> [Material shown]
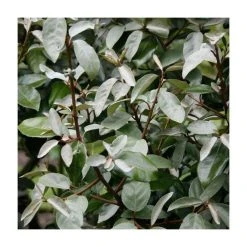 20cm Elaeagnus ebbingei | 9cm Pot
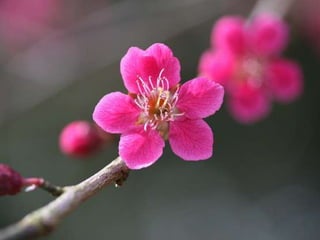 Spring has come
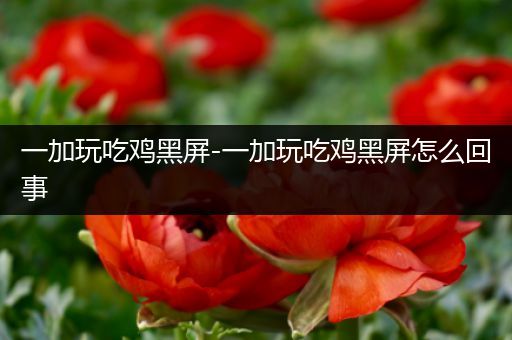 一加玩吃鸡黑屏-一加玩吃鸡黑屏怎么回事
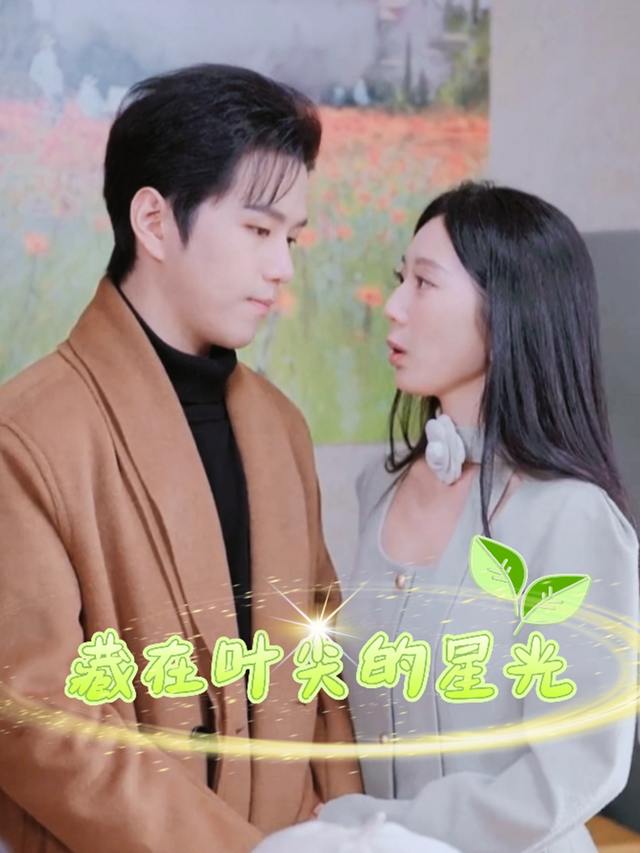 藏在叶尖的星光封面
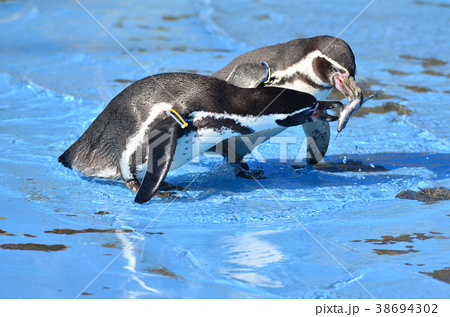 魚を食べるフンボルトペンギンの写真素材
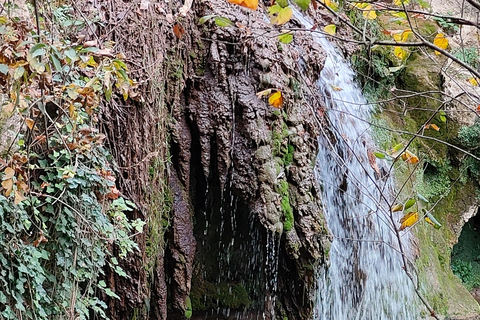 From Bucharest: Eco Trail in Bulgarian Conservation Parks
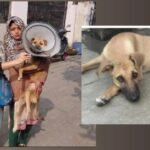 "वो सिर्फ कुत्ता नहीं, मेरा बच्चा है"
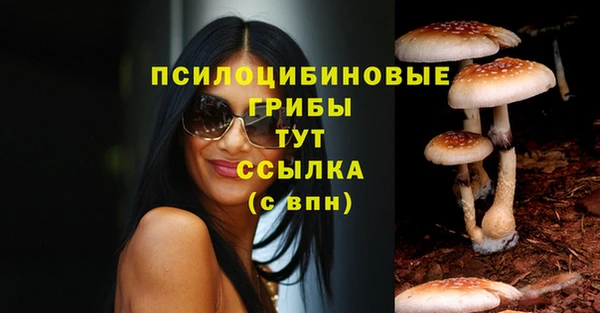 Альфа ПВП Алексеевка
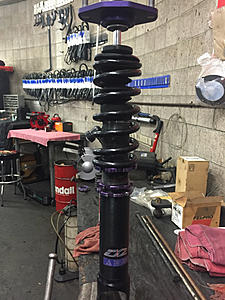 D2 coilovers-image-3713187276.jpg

> [Task goal] Print out all the material above exactly as it appears, omitting the images.

> [Your solution]
 20cm Elaeagnus ebbingei | 9cm Pot
 Spring has come
 一加玩吃鸡黑屏-一加玩吃鸡黑屏怎么回事
 藏在叶尖的星光封面
 魚を食べるフンボルトペンギンの写真素材
 From Bucharest: Eco Trail in Bulgarian Conservation Parks
 "वो सिर्फ कुत्ता नहीं, मेरा बच्चा है"
 Альфа ПВП Алексеевка
 D2 coilovers-image-3713187276.jpg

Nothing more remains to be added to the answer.